= United States Joint Intelligence Community Council =

The Joint Intelligence Community Council (JICC) assists the Director of National Intelligence (DNI) in implementing a joint, unified national intelligence effort to protect national and homeland security and advise the DNI on setting requirements, managing finances, establishing uniform intelligence policies, and monitoring and evaluating performance of the Intelligence Community.

==Establishment==
The Intelligence Reform and Terrorism Prevention Act of 2004 established the Joint Intelligence Community Council as the most senior executive body managing the Intelligence Community. The JICC typically meets semiannually. To see a copy of the JICC's first meeting in pdf format, click here.

==Membership==
The Director of National Intelligence chairs the Joint Intelligence Community Council. Other members of the oversight body include:
- The Secretary of State
- The Secretary of the Treasury
- The Secretary of Defense
- The Attorney General
- The Secretary of Energy
- The Secretary of Homeland Security
- Other officers of the United States Government designated by the President

==Functions==

===Advise the DNI===
In order to assist the Director of National Intelligence in developing and implementing a joint, unified national intelligence effort to protect national security, the Joint Intelligence Community Council serves two functions. The first function is to advise the DNI on how to most effectively establish requirements, develop budgets, manage finances, and monitor and evaluate the performance of the Intelligence Community. This list is not exhaustive, however, as the DNI may request the JICC for advisement on other matters related to national security.
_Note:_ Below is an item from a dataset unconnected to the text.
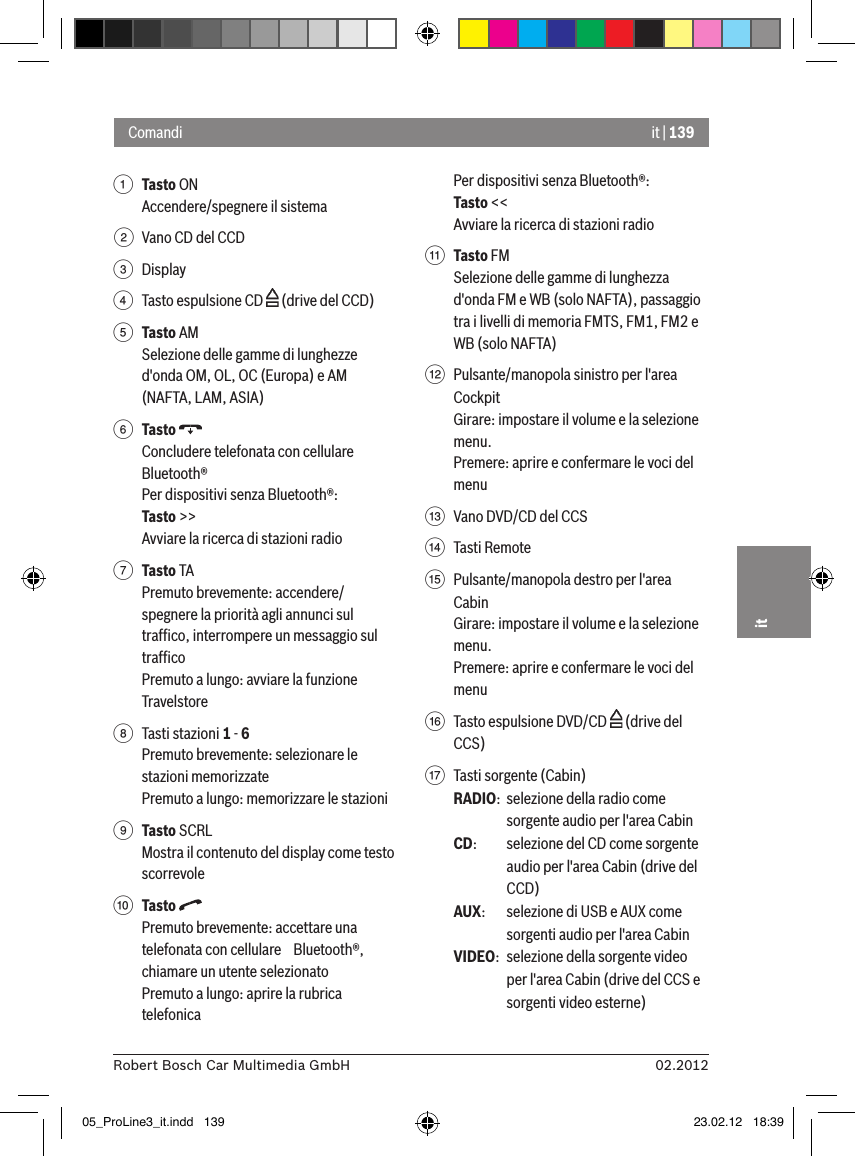it | 13902.2012Robert Bosch Car Multimedia GmbHit1 Tasto ON Accendere/spegnere il sistema2  Vano CD del CCD3  Display4  Tasto espulsione CD   (drive del CCD)5 Tasto AMSelezione delle gamme di lunghezze d&apos;onda OM, OL, OC (Europa) e AM (NAFTA, LAM, ASIA)6 Tasto Concludere telefonata con cellulare Bluetooth®Per dispositivi senza Bluetooth®:Tasto &gt;&gt;Avviare la ricerca di stazioni radio7 Tasto TAPremuto brevemente: accendere/spegnere la priorità agli annunci sul trafﬁco, interrompere un messaggio sul trafﬁco Premuto a lungo: avviare la funzione Travelstore8  Tasti stazioni 1 - 6Premuto brevemente: selezionare le stazioni memorizzatePremuto a lungo: memorizzare le stazioni9 Tasto SCRLMostra il contenuto del display come testo scorrevole: Tasto Premuto brevemente: accettare una telefonata con cellulare Bluetooth®, chiamare un utente selezionatoPremuto a lungo: aprire la rubrica telefonicaPer dispositivi senza Bluetooth®:Tasto &lt;&lt;Avviare la ricerca di stazioni radio; Tasto FMSelezione delle gamme di lunghezza d&apos;onda FM e WB (solo NAFTA), passaggio tra i livelli di memoria FMTS, FM1, FM2 e WB (solo NAFTA)&lt;  Pulsante/manopola sinistro per l&apos;area CockpitGirare: impostare il volume e la selezione menu.Premere: aprire e confermare le voci del menu=  Vano DVD/CD del CCS&gt;  Tasti Remote ?  Pulsante/manopola destro per l&apos;area CabinGirare: impostare il volume e la selezione menu.Premere: aprire e confermare le voci del menu@  Tasto espulsione DVD/CD   (drive del CCS)A  Tasti sorgente (Cabin)RADIO:  selezione della radio come sorgente audio per l&apos;area CabinCD:   selezione del CD come sorgente audio per l&apos;area Cabin (drive del CCD)AUX:  selezione di USB e AUX come sorgenti audio per l&apos;area CabinVIDEO:  selezione della sorgente video per l&apos;area Cabin (drive del CCS e sorgenti video esterne)Comandi05_ProLine3_it.indd   139 23.02.12   18:39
===Ensure the execution of programs===
The second function designated to the Joint Intelligence Community Council to ensure a unified intelligence effort is to ensure the timely execution of programs, policies, and directives established by the chairman, the DNI.

==Advice and opinions of members other than the chairman==
The Director of National Intelligence (Chairman of the JICC) presents his/her advice and opinions gathered from the advice and opinions of the JICC to the president and National Security Council. If a dissenting member of the JICC disagrees with, or wishes to add to, the advice and opinions of the chairman presented to the president and the National Security Council, the dissenting member may submit to the chairman his/her opinions. If such a situation occurs, the chairman must present the advice or opinions of the dissenting member at the same time as the chairman presents his/hers to the president and the National Security Council. As a result, the chairman must establish procedures to ensure that the presentation of the advice of the chairman to the president and the National Security Council is not unduly delayed due to the submission of dissenting opinions.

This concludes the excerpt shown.